### Exercise
Lines to return, exactly: from the line with "Czwarte zdjęcie samochodu" to the line with "Free Photo Young" in the entries below, both included.

### Data records
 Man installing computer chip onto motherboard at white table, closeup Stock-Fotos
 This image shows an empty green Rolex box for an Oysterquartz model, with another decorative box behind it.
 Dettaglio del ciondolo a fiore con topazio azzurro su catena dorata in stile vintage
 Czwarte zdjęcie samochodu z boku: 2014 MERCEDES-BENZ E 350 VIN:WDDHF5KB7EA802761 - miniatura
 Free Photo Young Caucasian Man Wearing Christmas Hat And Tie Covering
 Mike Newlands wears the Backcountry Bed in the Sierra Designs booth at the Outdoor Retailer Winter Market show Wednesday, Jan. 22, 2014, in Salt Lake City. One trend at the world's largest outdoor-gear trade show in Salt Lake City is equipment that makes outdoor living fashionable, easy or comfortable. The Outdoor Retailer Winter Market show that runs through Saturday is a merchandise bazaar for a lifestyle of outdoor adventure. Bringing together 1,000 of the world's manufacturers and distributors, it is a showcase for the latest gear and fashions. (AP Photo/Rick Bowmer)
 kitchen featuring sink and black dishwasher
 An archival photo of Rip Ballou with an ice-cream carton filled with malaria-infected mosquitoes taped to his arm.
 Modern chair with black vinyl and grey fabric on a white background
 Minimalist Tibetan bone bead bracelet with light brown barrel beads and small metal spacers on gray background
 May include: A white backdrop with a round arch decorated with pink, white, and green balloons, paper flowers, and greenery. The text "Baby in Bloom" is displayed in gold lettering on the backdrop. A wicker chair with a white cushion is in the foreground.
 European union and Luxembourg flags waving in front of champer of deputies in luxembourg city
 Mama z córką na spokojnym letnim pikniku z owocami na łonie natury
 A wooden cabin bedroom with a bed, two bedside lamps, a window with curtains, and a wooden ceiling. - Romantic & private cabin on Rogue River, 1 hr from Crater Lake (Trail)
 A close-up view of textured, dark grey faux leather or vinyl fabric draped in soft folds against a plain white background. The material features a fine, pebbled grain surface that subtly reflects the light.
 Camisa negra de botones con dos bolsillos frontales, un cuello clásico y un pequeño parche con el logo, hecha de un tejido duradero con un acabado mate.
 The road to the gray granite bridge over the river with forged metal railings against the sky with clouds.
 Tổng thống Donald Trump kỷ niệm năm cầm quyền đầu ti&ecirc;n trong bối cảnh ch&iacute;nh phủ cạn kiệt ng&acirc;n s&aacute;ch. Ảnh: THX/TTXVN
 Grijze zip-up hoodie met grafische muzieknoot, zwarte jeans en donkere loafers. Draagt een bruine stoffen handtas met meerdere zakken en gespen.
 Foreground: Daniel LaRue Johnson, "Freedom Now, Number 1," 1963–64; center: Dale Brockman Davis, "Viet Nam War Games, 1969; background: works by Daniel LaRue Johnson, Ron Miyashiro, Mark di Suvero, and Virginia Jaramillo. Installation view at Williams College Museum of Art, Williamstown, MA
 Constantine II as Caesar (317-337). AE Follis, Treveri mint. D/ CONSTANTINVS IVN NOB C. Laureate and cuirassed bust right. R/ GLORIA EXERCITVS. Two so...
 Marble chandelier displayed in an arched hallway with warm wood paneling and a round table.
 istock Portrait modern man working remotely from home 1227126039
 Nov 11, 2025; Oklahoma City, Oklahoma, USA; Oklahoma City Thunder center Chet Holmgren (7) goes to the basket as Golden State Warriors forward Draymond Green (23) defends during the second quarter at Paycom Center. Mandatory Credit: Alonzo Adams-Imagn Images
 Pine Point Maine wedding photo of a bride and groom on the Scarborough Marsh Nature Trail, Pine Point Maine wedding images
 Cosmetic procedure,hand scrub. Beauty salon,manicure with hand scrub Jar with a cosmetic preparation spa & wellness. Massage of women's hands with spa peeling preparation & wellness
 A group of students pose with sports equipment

### Written answer
 Czwarte zdjęcie samochodu z boku: 2014 MERCEDES-BENZ E 350 VIN:WDDHF5KB7EA802761 - miniatura
 Free Photo Young Caucasian Man Wearing Christmas Hat And Tie Covering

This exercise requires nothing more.